2014 was a record year for investment in digital healthcare companies, led by companies focusing on chronic disease management, clinical decision support, patient engagement, and home monitoring.  With $6.5 billion in venture capital scooped up by digital health companies – more than double the total funding of 2013 – there seems to be plenty of opportunity for innovation to make itself heard.  StartUp Health Insight’s end of the year report found that the biggest deals of the year centered around diagnostics, big data analytics, and population health management, while business intelligence and practice management technologies scored more than $500 million of the top ten deals alone.

There were more than 130 deals worth $1.6 billion in 2014 for big data analytics and population health management technologies, StartUp Health found, yet one analytics technology vendor hopes to raise a third of that during its initial public offering (IPO) in the next few weeks.  Inovalon Holdings, a healthcare analytics vendor that has partnered with EHR developer Greenway and the Walgreens line of retail clinics, filed its request for a $500 million IPO on December 30.

The company hopes to see better success than Castlight Health and Imprivata, which have lost value after their IPOs throughout 2014, the StartUp Health report reveals, while contributing to the sense that big data analytics companies can sustain themselves on the public market thanks to the ravenous demand of provider organizations seeking to implement healthcare analytics technologies that will boost their chances of maintaining financial sustainability throughout the challenges ahead in 2015.

But not all organizations are looking to design, build, and maintain their own infrastructure.  Outsourcing the difficult task is becoming a popular alternative, and gives analytics vendors a chance to flex their muscles as they take advantage of market segment growth predicted at close to 9% over the next four years.  Leaping head-first into this trend is Allina Health, a Minnesota health system with more than $3.7 billion in annual revenue that just announced a decade-long, $108 million analytics outsourcing contract with Health Catalyst.

“This agreement with Health Catalyst is unique in the industry and will accelerate outcomes improvement for those served through Allina Health as well as create a roadmap for broader outcomes transformation both here and across the country,” said Penny Wheeler, MD, President and Chief Executive Officer of Allina Health. “We have made significant progress with care outcomes improvement over the last six years, and we now believe we can take our efforts to the next level by leveraging the experience and know-how of both organizations and our shared history of innovation and transformation.”

With more than 90 clinics, twelve hospitals, and close to one million patients, it may come as no surprise that Allina is looking to shift the burden of further analytics development onto its long-time partner.  In exchange for giving Health Catalyst access to its data warehouse and in-house quality improvement technologies, as well as transferring its current staff to the company’s payroll, Allina will benefit from Health Catalyst’s ability to identify areas of improvement and tackle infrastructure deployment.

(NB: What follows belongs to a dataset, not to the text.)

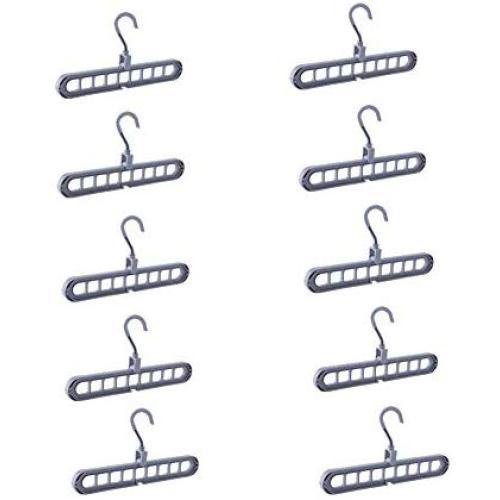 JHHSYU Space Saving Hangers (Pack of 10) Durable Plastic Magic Hangers Organizer, Wrinkle-Free Clothes, 3 Times More Space Saving in Closet - Grey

The agreement, which will be steered by a joint governance committee, is a bold experiment that will no doubt provide some valuable lessons for the healthcare industry as more organizations seek the financial rewards of quality improvement and accountable care.  Whether or not such arrangements will become more common among larger health systems remains to be seen, but it certainly opens up new opportunities for vendors and providers alike to explore innovative collaborations.

The year may only be a few days old, but these developments certainly show that the healthcare analytics market is heading into 2015 with maturity and explosive growth on its mind.  As quality reporting programs start to move into their penalty phases, the requirements of Stage 3 meaningful use are revealed, and ICD-10 hits providers with anticipated dips in revenue and productivity, the opportunities for vendors to provide innovative solutions to healthcare’s most intractable problems will only increase.